Présentation de l’éditeur

Par quel étrange paradoxe le contrat social, censé instituer la liberté et l’égalité civiles, a-t-il maintenu les femmes dans un état de subordination ? Pourquoi, dans le nouvel ordre social, celles-ci n’ont-elles pas accédé,en même temps que les hommes, à la condition d’« individus » émancipés ?
Les théories du contrat social, héritées de Locke et de Rousseau, et renouvelées depuis Rawls, ne peuvent ignorer les enjeux de justice que soulève le genre. Carole Pateman montre, dans cet ouvrage de référence enfin traduit en français, que le passage de l’ordre ancien du statut à une société moderne du contrat ne marque en rien la fin du patriarcat. La philosophe met ainsi au jour l’envers refoulé du contrat social : le « contrat sexuel », qui, via le partage entre sphère privée et sphère publique, fonde la liberté des hommes sur la domination des femmes.

Il s’agit là moins d’exploitation que de subordination, comme le démontre l’auteure en analysant le contrat de mariage, mais aussi l’ensemble des contrats qui touchent à la propriété de la personne, de la prostitution à la maternité de substitution, jusqu’à l’esclavage et au salariat. Ainsi s’engage, à partir du féminisme, une critique de la philosophie politique libérale dans son principe même : en effet, pour Carole Pateman, un ordre social libre ne peut en aucun cas être de type contractuel.

Pour se procurer l’ouvrage de Carole Paterman Le contrat sexuel

Qui est Carole Paterman ?

Carole Pateman  est  professeure dans le département  de science politique de l’Université de Californie  à Los Angeles.
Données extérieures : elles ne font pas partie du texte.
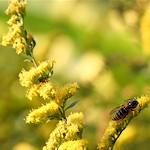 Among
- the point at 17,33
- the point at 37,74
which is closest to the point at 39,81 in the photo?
the point at 37,74

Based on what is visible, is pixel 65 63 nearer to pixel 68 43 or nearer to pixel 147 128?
pixel 68 43

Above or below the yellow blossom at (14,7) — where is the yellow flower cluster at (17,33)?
below

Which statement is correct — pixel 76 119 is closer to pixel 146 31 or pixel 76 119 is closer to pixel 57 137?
pixel 57 137

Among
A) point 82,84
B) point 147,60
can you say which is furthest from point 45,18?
point 147,60

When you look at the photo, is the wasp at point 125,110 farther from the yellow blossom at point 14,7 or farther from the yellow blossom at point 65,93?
the yellow blossom at point 14,7

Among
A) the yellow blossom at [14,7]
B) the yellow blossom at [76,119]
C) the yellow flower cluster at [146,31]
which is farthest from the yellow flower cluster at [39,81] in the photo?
the yellow flower cluster at [146,31]

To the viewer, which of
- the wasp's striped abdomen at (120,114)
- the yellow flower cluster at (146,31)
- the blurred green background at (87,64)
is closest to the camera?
the wasp's striped abdomen at (120,114) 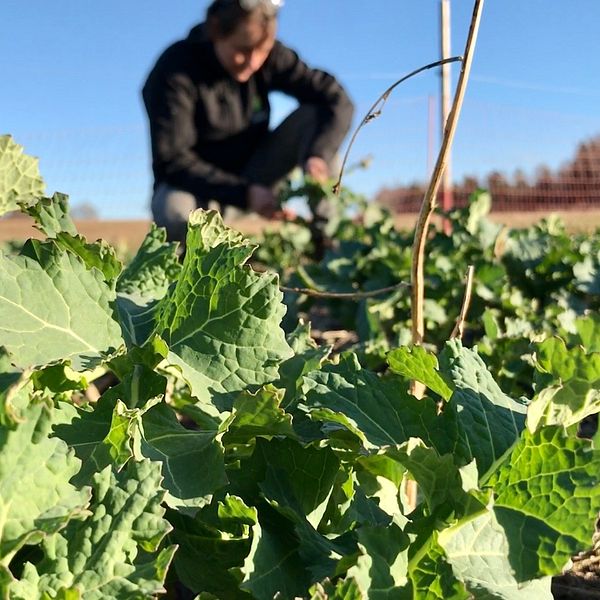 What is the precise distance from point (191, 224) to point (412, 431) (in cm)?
46

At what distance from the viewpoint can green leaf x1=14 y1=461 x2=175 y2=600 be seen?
817 mm

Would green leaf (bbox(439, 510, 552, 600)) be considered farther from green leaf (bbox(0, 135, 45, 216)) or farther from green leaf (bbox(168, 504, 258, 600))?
green leaf (bbox(0, 135, 45, 216))

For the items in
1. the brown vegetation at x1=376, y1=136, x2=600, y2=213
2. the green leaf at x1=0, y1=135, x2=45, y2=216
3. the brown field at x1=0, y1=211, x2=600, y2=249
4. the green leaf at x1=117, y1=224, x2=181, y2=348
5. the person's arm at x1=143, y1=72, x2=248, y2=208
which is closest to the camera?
the green leaf at x1=117, y1=224, x2=181, y2=348

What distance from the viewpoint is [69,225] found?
1334mm

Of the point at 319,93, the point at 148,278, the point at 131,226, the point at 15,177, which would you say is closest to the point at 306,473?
the point at 148,278

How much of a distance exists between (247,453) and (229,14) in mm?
3957

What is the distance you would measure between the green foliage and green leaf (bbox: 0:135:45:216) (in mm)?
145

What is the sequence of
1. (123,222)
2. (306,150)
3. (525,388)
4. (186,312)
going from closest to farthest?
(186,312) < (525,388) < (306,150) < (123,222)

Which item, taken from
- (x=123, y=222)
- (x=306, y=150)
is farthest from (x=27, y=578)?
(x=123, y=222)

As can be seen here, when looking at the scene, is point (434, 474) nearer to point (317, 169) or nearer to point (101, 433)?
point (101, 433)

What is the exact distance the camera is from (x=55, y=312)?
1.10 m

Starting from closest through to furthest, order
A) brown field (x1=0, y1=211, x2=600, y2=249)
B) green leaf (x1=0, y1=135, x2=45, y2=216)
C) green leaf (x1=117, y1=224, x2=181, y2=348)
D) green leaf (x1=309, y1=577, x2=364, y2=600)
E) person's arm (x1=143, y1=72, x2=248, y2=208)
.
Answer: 1. green leaf (x1=309, y1=577, x2=364, y2=600)
2. green leaf (x1=117, y1=224, x2=181, y2=348)
3. green leaf (x1=0, y1=135, x2=45, y2=216)
4. person's arm (x1=143, y1=72, x2=248, y2=208)
5. brown field (x1=0, y1=211, x2=600, y2=249)

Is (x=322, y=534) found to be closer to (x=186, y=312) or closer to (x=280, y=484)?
(x=280, y=484)

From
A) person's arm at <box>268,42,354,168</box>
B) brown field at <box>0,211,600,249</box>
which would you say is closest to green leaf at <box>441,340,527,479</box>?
person's arm at <box>268,42,354,168</box> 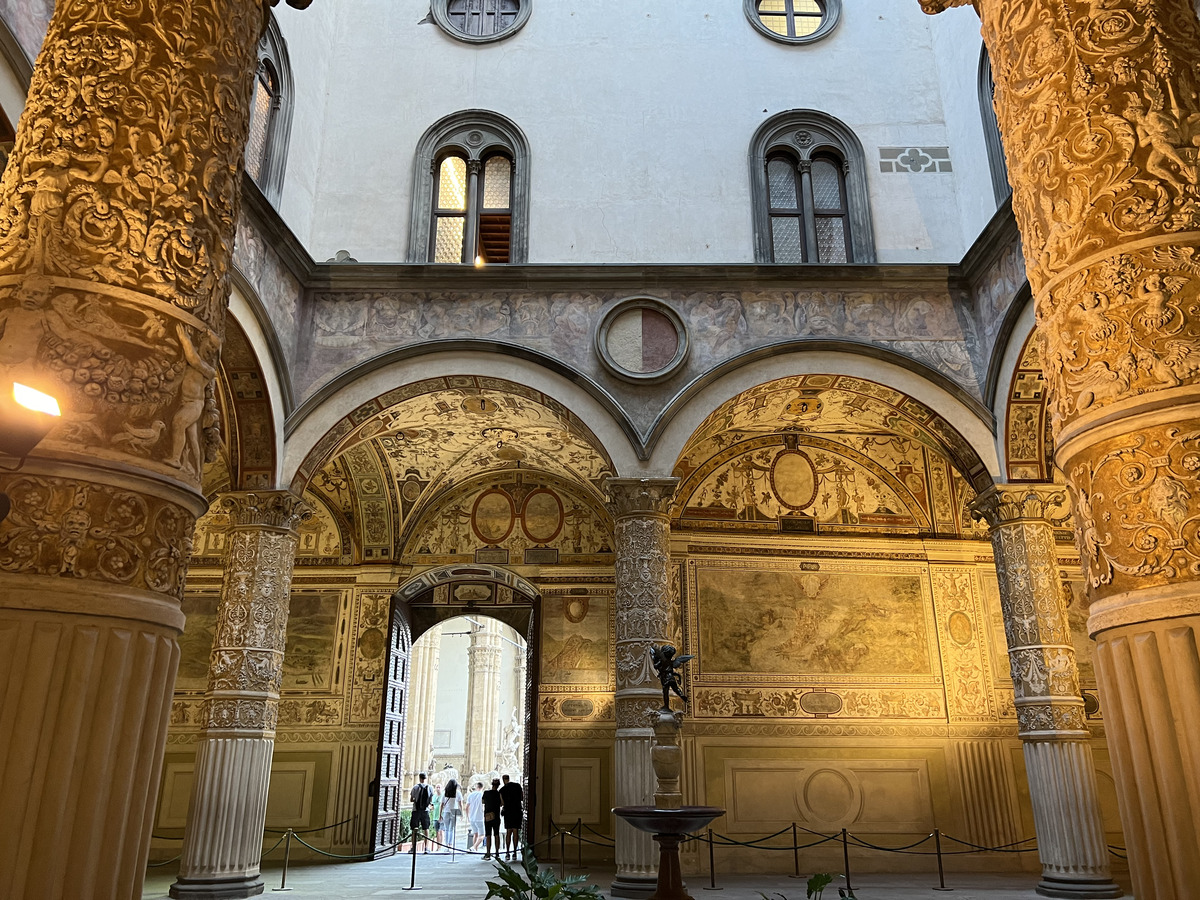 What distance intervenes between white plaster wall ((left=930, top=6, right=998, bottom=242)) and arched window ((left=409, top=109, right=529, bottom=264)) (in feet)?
19.2

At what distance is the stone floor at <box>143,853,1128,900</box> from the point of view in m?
9.52

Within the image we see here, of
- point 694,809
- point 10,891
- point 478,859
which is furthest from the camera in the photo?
point 478,859

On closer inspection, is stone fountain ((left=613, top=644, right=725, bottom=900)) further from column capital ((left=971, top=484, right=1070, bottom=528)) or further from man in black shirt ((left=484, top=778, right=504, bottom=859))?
man in black shirt ((left=484, top=778, right=504, bottom=859))

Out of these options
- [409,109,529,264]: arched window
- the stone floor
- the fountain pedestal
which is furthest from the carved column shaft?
the fountain pedestal

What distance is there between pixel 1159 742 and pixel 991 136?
407 inches

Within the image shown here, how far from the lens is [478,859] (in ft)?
45.5

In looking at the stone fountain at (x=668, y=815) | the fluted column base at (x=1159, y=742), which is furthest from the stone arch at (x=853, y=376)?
the fluted column base at (x=1159, y=742)

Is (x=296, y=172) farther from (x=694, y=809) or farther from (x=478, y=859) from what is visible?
(x=478, y=859)

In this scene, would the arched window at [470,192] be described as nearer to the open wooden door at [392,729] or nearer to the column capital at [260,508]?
the column capital at [260,508]

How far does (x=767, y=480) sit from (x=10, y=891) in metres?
12.3

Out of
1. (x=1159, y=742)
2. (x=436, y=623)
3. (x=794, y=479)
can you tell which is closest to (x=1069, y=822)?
(x=794, y=479)

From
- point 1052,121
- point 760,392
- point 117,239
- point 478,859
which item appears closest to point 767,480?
point 760,392

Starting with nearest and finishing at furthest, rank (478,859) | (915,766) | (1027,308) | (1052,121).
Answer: (1052,121) → (1027,308) → (915,766) → (478,859)

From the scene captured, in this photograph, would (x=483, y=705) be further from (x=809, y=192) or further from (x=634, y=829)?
(x=809, y=192) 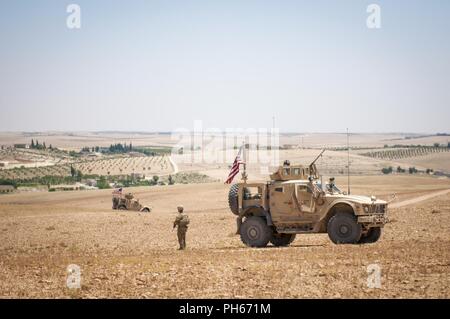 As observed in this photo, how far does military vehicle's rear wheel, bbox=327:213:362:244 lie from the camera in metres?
20.9

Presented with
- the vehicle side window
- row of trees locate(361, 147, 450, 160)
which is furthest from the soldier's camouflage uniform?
row of trees locate(361, 147, 450, 160)

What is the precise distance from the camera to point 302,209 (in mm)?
21703

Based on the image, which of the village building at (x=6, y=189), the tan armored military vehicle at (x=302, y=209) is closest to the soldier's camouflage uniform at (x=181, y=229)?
the tan armored military vehicle at (x=302, y=209)

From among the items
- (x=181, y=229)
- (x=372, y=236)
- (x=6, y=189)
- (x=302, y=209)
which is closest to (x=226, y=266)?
(x=302, y=209)

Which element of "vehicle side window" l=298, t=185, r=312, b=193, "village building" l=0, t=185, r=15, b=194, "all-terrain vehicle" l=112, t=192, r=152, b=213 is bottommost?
"village building" l=0, t=185, r=15, b=194

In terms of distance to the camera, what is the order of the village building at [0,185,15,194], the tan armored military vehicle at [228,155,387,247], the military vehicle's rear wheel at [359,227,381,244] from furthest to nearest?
the village building at [0,185,15,194], the military vehicle's rear wheel at [359,227,381,244], the tan armored military vehicle at [228,155,387,247]

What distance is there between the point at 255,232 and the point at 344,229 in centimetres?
282

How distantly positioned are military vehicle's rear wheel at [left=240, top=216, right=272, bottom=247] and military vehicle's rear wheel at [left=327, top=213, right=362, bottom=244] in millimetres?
2052

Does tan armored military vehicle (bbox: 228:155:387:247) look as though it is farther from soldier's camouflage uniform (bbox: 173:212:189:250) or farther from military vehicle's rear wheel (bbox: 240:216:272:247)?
soldier's camouflage uniform (bbox: 173:212:189:250)

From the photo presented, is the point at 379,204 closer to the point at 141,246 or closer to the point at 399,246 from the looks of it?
the point at 399,246

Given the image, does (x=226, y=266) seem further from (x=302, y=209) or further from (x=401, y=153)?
(x=401, y=153)

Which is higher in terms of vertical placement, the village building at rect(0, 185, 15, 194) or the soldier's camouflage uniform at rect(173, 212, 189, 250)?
the soldier's camouflage uniform at rect(173, 212, 189, 250) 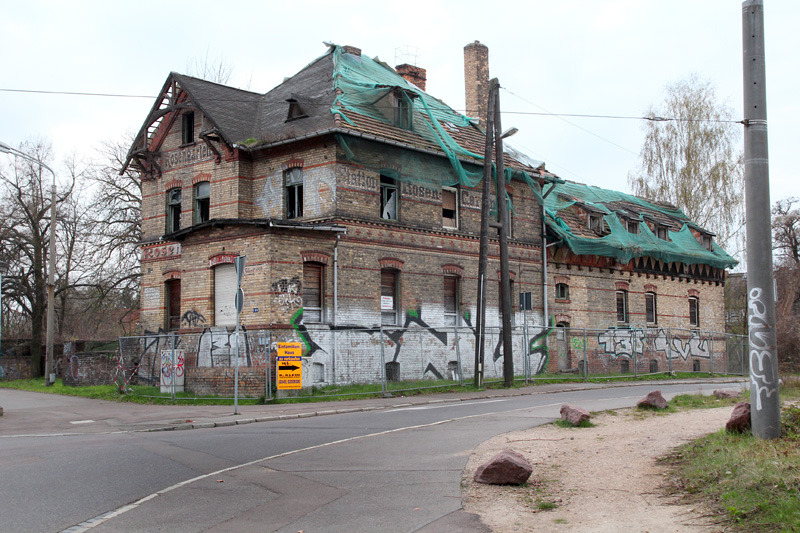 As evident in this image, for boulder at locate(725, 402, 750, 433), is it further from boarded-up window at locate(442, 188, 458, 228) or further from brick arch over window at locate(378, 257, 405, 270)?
boarded-up window at locate(442, 188, 458, 228)

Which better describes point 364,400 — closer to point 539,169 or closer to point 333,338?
point 333,338

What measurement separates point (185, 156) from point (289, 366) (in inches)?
432

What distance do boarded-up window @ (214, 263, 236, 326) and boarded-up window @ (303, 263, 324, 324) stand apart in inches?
87.9

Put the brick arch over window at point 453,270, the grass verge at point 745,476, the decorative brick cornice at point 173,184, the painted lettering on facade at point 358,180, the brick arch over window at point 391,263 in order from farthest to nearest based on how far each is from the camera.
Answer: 1. the decorative brick cornice at point 173,184
2. the brick arch over window at point 453,270
3. the brick arch over window at point 391,263
4. the painted lettering on facade at point 358,180
5. the grass verge at point 745,476

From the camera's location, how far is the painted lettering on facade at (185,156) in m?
26.7

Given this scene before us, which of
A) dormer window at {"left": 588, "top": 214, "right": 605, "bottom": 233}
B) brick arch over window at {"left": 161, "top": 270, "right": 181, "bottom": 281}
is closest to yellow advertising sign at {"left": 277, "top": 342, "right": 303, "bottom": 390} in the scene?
brick arch over window at {"left": 161, "top": 270, "right": 181, "bottom": 281}

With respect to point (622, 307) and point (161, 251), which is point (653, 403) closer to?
point (161, 251)

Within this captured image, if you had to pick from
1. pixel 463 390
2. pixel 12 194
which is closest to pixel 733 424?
pixel 463 390

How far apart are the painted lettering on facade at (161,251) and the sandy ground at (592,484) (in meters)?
→ 17.8

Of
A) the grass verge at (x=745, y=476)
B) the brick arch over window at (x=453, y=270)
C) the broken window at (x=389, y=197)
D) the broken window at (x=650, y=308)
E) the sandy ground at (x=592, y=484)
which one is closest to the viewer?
the grass verge at (x=745, y=476)

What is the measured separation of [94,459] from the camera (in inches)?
412

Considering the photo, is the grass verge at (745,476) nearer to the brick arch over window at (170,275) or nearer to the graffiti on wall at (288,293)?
A: the graffiti on wall at (288,293)

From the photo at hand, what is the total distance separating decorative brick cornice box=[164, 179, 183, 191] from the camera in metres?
27.5

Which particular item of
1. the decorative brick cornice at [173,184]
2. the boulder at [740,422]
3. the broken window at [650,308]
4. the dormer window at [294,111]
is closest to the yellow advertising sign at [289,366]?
the dormer window at [294,111] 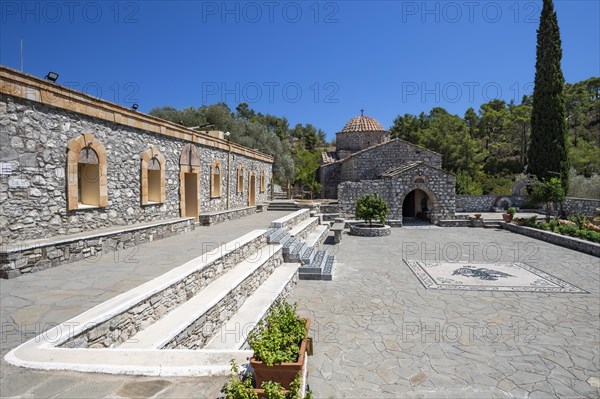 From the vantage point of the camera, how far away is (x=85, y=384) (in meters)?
2.58

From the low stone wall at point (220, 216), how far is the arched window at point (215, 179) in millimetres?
1045

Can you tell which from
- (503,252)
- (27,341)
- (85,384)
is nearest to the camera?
(85,384)

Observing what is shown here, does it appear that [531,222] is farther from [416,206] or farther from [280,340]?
[280,340]

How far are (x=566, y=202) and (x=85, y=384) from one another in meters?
27.1

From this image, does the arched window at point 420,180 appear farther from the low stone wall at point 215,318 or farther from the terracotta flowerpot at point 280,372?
the terracotta flowerpot at point 280,372

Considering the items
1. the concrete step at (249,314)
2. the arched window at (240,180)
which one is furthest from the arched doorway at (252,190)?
the concrete step at (249,314)

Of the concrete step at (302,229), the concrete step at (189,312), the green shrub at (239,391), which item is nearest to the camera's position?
the green shrub at (239,391)

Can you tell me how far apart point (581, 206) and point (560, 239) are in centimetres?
911

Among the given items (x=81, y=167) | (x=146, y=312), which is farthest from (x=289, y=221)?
(x=146, y=312)

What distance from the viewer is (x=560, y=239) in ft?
46.4

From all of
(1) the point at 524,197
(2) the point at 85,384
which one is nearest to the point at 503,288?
(2) the point at 85,384

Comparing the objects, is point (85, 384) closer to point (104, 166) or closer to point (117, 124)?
point (104, 166)

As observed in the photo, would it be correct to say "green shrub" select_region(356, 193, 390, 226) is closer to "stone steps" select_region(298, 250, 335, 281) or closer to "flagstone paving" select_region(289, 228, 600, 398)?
"flagstone paving" select_region(289, 228, 600, 398)

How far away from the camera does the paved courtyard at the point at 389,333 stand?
2875 millimetres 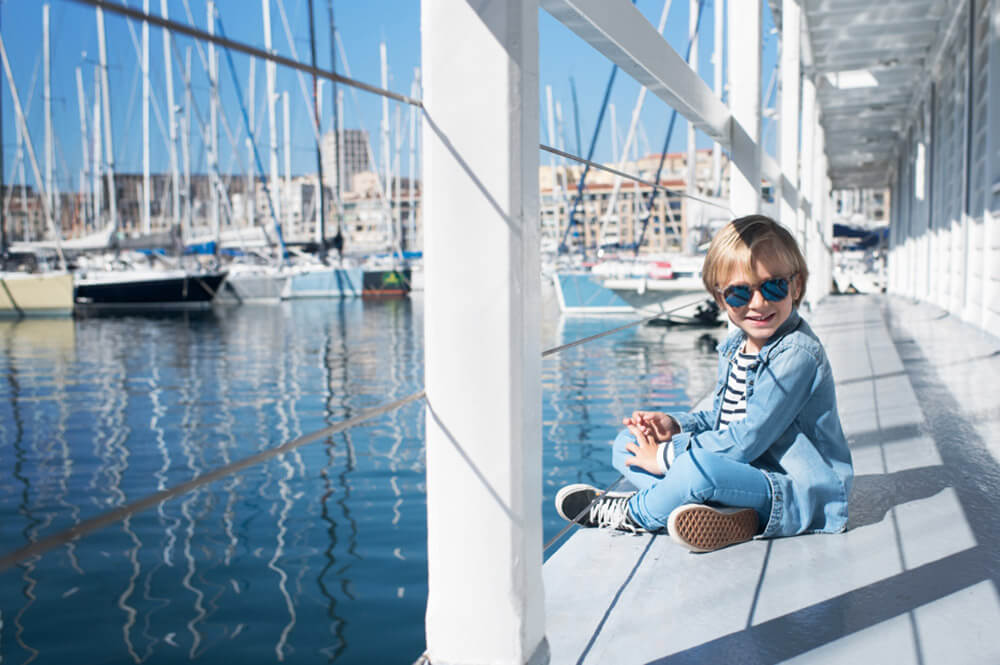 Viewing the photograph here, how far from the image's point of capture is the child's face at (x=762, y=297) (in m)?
1.72

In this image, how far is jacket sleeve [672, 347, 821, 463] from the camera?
5.45 ft

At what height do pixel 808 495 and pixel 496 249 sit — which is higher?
pixel 496 249

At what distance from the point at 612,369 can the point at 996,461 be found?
23.0 feet

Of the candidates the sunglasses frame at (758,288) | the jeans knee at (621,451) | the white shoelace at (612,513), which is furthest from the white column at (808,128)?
Result: the white shoelace at (612,513)

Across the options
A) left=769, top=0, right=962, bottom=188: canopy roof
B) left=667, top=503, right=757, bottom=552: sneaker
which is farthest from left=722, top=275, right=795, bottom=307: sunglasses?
left=769, top=0, right=962, bottom=188: canopy roof

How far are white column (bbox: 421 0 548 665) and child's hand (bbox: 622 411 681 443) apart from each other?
0.84 m

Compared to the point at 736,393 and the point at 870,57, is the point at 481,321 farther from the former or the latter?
the point at 870,57

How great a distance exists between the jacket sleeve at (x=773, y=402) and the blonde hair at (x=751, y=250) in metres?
0.15

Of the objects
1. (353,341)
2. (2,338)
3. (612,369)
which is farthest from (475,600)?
(2,338)

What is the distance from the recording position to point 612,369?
30.3 ft

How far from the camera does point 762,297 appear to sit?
5.65 feet

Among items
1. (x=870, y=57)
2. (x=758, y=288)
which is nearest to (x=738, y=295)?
(x=758, y=288)

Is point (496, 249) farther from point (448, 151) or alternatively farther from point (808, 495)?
point (808, 495)

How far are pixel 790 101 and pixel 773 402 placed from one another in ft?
16.0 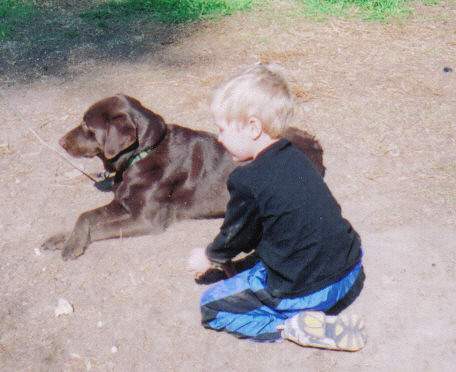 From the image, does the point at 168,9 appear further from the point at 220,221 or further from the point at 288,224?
the point at 288,224

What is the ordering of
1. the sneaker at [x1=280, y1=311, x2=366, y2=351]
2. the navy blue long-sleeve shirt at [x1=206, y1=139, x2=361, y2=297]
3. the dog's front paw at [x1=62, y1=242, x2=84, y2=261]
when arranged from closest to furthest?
1. the navy blue long-sleeve shirt at [x1=206, y1=139, x2=361, y2=297]
2. the sneaker at [x1=280, y1=311, x2=366, y2=351]
3. the dog's front paw at [x1=62, y1=242, x2=84, y2=261]

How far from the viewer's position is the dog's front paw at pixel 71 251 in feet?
13.7

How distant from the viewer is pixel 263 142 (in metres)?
3.11

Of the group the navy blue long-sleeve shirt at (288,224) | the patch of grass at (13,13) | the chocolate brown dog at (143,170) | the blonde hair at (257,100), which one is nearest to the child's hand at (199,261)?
the navy blue long-sleeve shirt at (288,224)

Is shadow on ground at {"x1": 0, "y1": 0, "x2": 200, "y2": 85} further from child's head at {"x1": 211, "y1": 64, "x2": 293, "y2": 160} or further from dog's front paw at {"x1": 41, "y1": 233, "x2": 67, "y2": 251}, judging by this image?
child's head at {"x1": 211, "y1": 64, "x2": 293, "y2": 160}

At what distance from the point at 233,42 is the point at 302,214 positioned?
4.69 m

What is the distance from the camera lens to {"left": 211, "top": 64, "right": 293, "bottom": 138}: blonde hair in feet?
9.85

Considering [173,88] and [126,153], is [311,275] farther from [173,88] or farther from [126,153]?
[173,88]

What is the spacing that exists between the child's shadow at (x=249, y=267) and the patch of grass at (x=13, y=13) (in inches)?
214

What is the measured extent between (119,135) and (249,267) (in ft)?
4.46

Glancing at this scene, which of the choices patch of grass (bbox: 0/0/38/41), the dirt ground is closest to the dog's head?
the dirt ground

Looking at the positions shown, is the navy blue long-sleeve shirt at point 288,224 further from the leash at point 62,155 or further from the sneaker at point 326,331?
the leash at point 62,155

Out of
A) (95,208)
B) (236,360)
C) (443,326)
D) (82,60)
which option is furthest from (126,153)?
(82,60)

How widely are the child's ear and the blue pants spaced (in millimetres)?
816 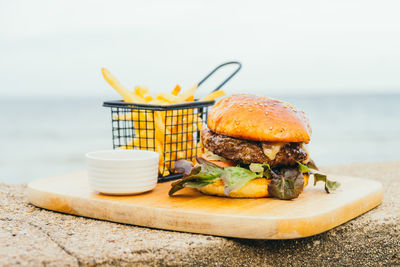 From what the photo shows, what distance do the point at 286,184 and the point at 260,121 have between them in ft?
1.68

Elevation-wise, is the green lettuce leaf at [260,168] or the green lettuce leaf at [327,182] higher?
the green lettuce leaf at [260,168]

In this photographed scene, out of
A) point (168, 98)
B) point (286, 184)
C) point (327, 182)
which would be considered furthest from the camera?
point (168, 98)

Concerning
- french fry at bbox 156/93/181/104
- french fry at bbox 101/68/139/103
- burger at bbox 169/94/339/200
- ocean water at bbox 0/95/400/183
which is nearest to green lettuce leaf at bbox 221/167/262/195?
burger at bbox 169/94/339/200

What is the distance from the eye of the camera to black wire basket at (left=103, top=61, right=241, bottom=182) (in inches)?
149

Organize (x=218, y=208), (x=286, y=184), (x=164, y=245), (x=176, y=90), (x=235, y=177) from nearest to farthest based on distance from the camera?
(x=164, y=245) → (x=218, y=208) → (x=235, y=177) → (x=286, y=184) → (x=176, y=90)

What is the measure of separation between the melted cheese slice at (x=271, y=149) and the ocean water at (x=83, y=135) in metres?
10.8

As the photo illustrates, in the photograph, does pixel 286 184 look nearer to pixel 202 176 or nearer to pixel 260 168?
pixel 260 168

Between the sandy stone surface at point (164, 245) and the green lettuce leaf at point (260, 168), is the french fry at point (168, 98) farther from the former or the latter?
the sandy stone surface at point (164, 245)

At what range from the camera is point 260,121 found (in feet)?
10.5

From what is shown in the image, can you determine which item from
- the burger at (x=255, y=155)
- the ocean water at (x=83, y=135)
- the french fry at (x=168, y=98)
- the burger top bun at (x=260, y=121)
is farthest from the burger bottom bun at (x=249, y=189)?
the ocean water at (x=83, y=135)

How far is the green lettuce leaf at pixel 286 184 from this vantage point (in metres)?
3.22

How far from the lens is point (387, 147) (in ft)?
57.1

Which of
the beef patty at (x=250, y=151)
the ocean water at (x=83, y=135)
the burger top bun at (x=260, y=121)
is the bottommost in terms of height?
the ocean water at (x=83, y=135)

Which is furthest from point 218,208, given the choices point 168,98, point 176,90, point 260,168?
point 176,90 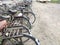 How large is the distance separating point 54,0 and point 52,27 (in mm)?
7161

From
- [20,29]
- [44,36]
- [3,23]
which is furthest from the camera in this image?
[44,36]

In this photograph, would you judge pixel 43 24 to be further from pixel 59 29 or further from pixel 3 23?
pixel 3 23

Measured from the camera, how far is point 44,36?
19.4 feet

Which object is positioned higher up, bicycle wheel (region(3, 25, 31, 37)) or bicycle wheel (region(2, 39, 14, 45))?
bicycle wheel (region(3, 25, 31, 37))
Elle a été la première femme à présider l’Association internationale de sciences politiques. Ses travaux en philosophie politique portent aussi bien sur la participation démocratique que sur le revenu minimal. Pour penser l’articulation entre « contrat sexuel » et « contrat racial », elle a coécrit avec Charles W. Mills, Contract & Domination (2007).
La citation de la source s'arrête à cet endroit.